* _WHAT YOU SHOULD DO_: Using the data below, print exactly the line with "RetroRoads - Nostalgic City Road Desk Mat", the line with "Oppo Brothers Gooey", and every line between them, but none of the pictures.

* _GIVEN DATA_:
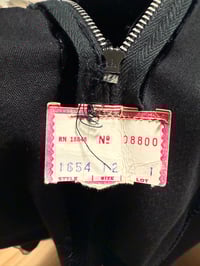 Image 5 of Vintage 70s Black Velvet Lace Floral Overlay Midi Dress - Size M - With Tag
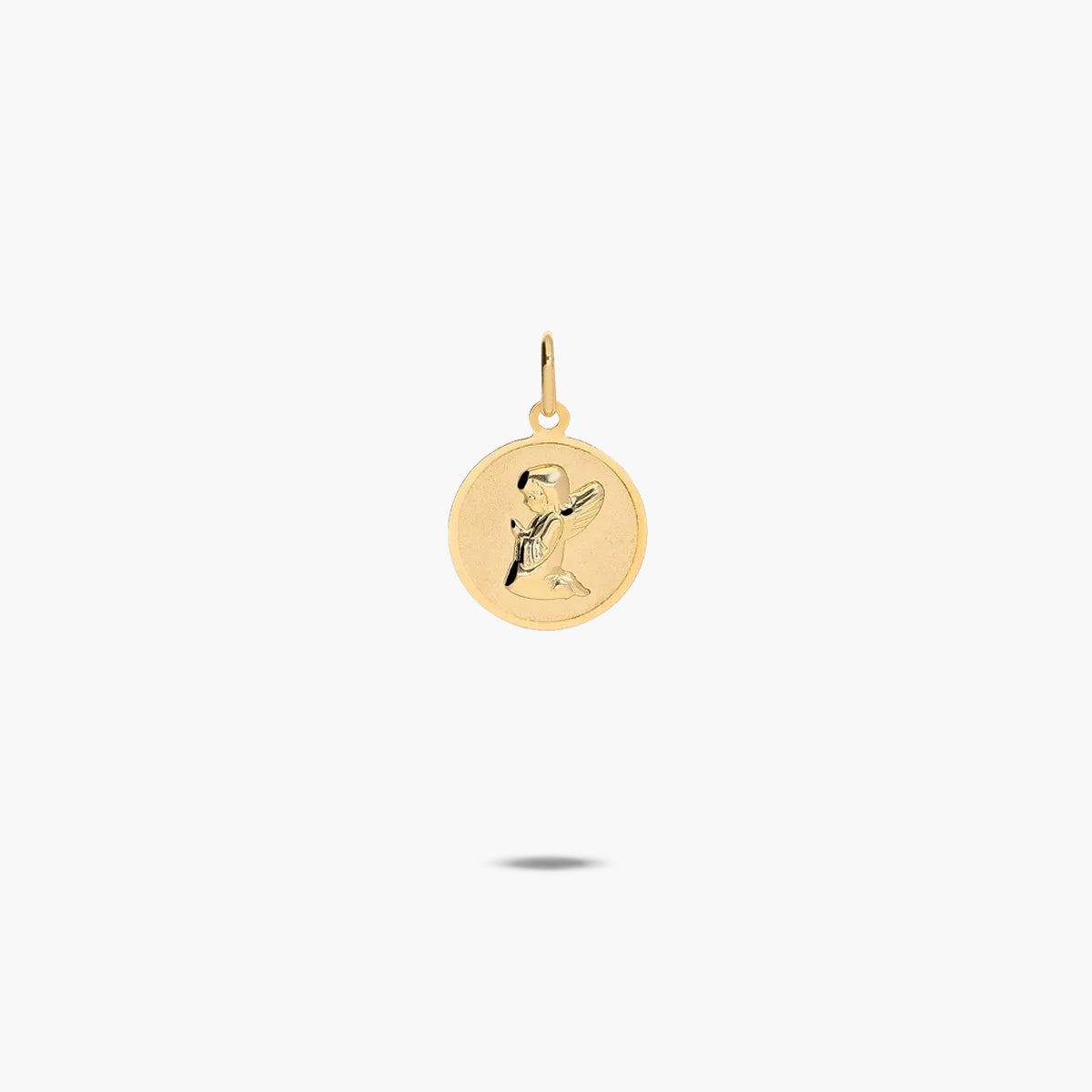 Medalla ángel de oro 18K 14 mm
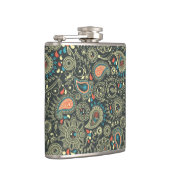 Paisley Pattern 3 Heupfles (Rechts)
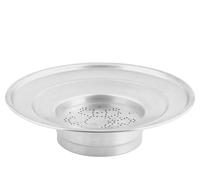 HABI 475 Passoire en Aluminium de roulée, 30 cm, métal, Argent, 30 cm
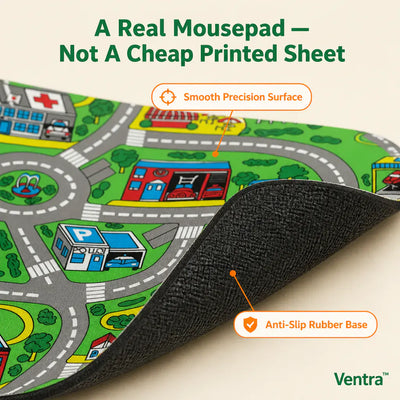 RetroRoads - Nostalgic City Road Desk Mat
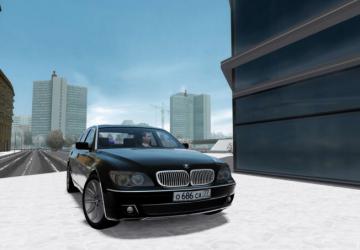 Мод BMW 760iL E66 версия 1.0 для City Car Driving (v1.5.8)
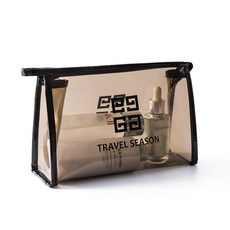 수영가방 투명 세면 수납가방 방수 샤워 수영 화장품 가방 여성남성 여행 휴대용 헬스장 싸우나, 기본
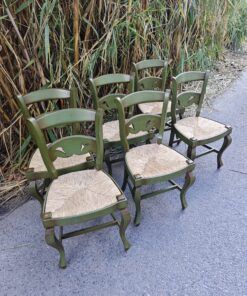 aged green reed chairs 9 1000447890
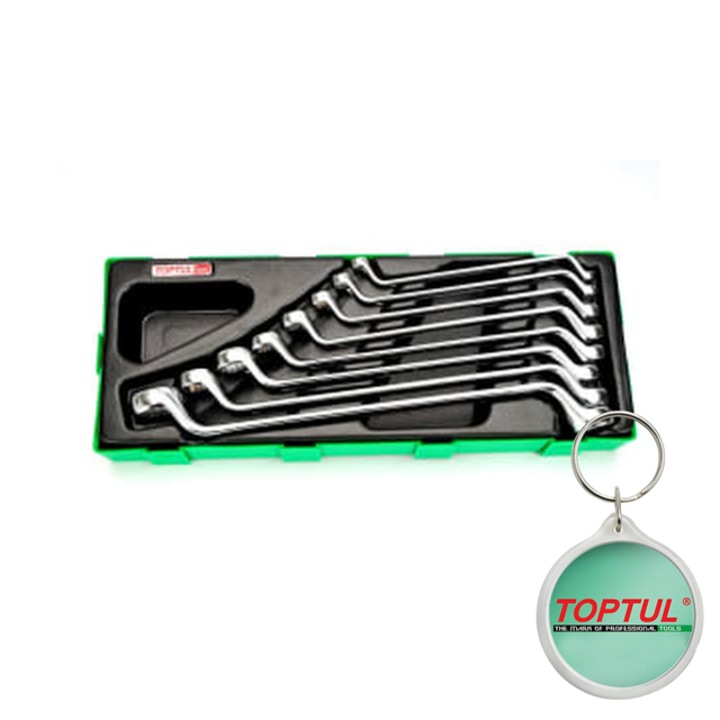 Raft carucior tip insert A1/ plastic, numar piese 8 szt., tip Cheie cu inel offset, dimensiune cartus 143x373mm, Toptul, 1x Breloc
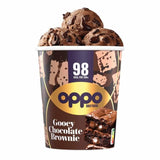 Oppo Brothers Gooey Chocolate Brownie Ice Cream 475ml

---

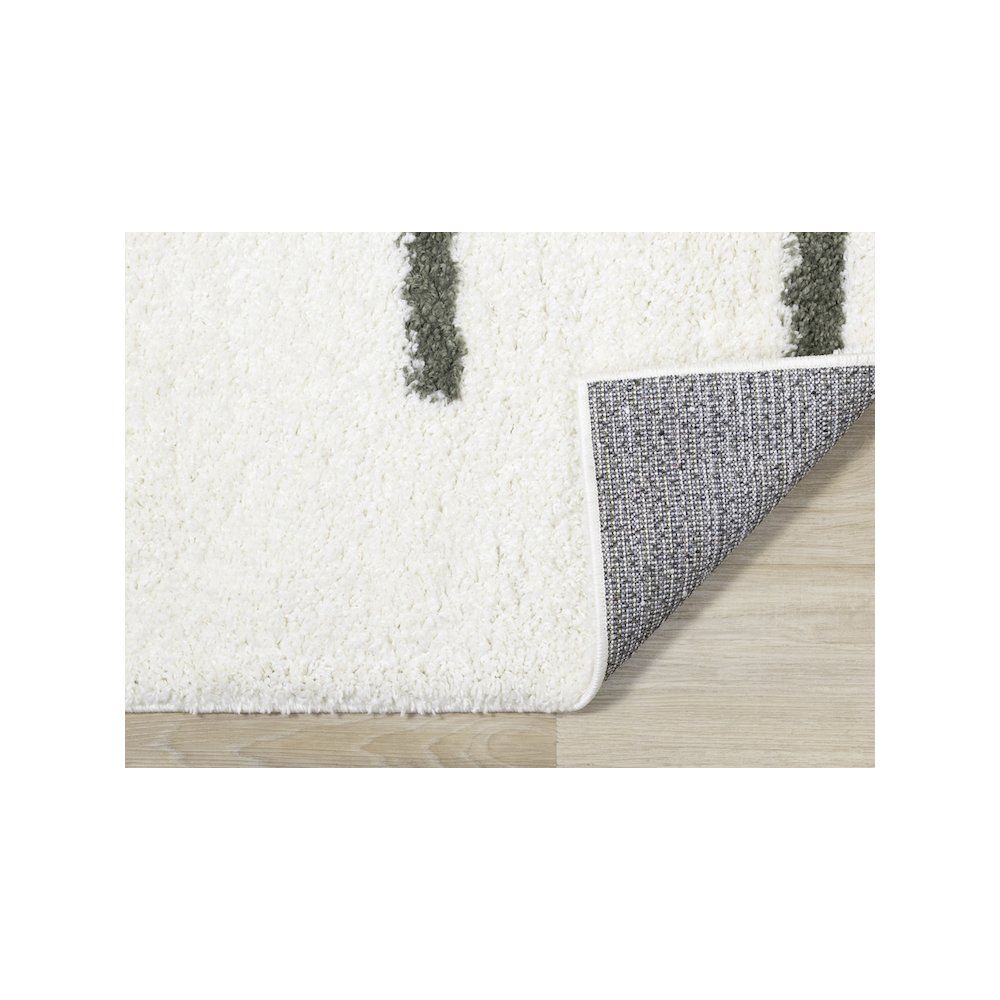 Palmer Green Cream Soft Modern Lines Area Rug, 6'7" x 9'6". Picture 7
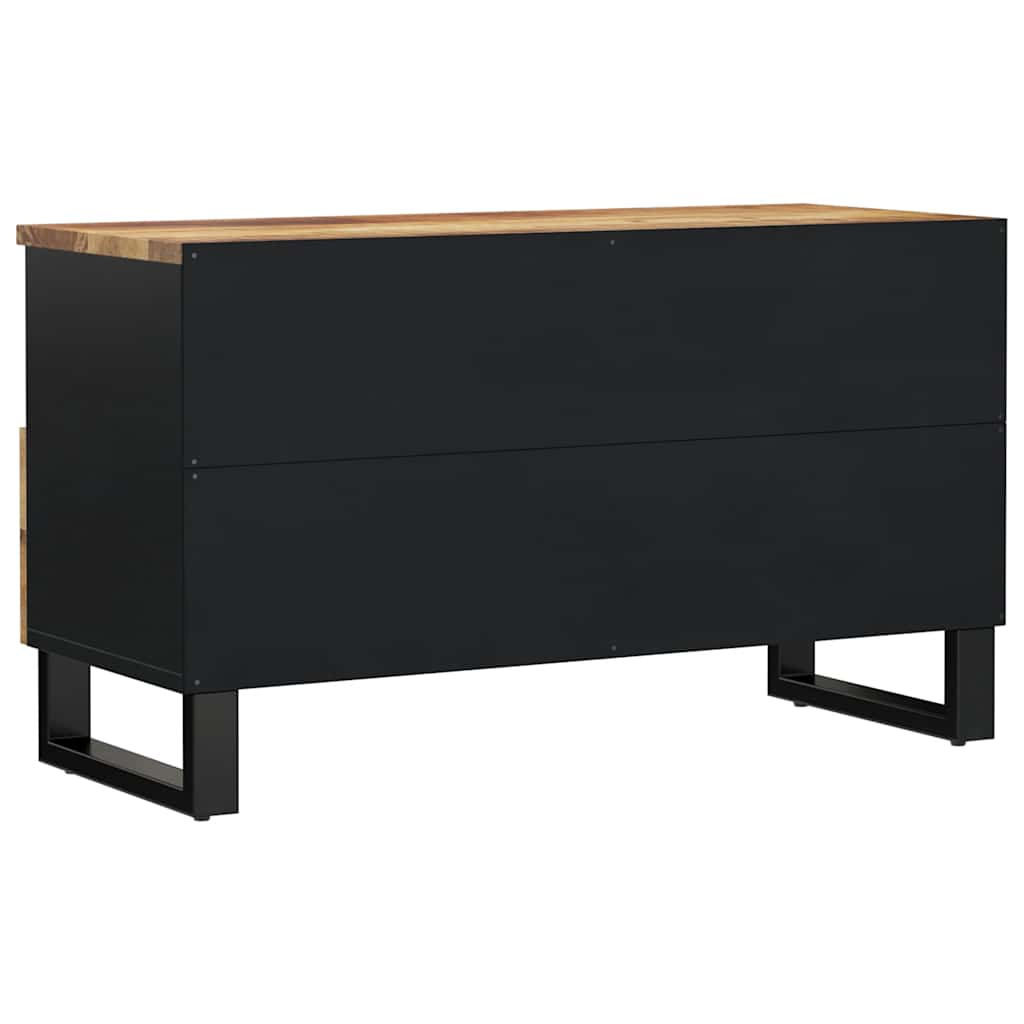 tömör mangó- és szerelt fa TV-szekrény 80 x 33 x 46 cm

* _WRITTEN ANSWER_:
 RetroRoads - Nostalgic City Road Desk Mat
 Мод BMW 760iL E66 версия 1.0 для City Car Driving (v1.5.8)
 수영가방 투명 세면 수납가방 방수 샤워 수영 화장품 가방 여성남성 여행 휴대용 헬스장 싸우나, 기본
 aged green reed chairs 9 1000447890
 Raft carucior tip insert A1/ plastic, numar piese 8 szt., tip Cheie cu inel offset, dimensiune cartus 143x373mm, Toptul, 1x Breloc
 Oppo Brothers Gooey Chocolate Brownie Ice Cream 475ml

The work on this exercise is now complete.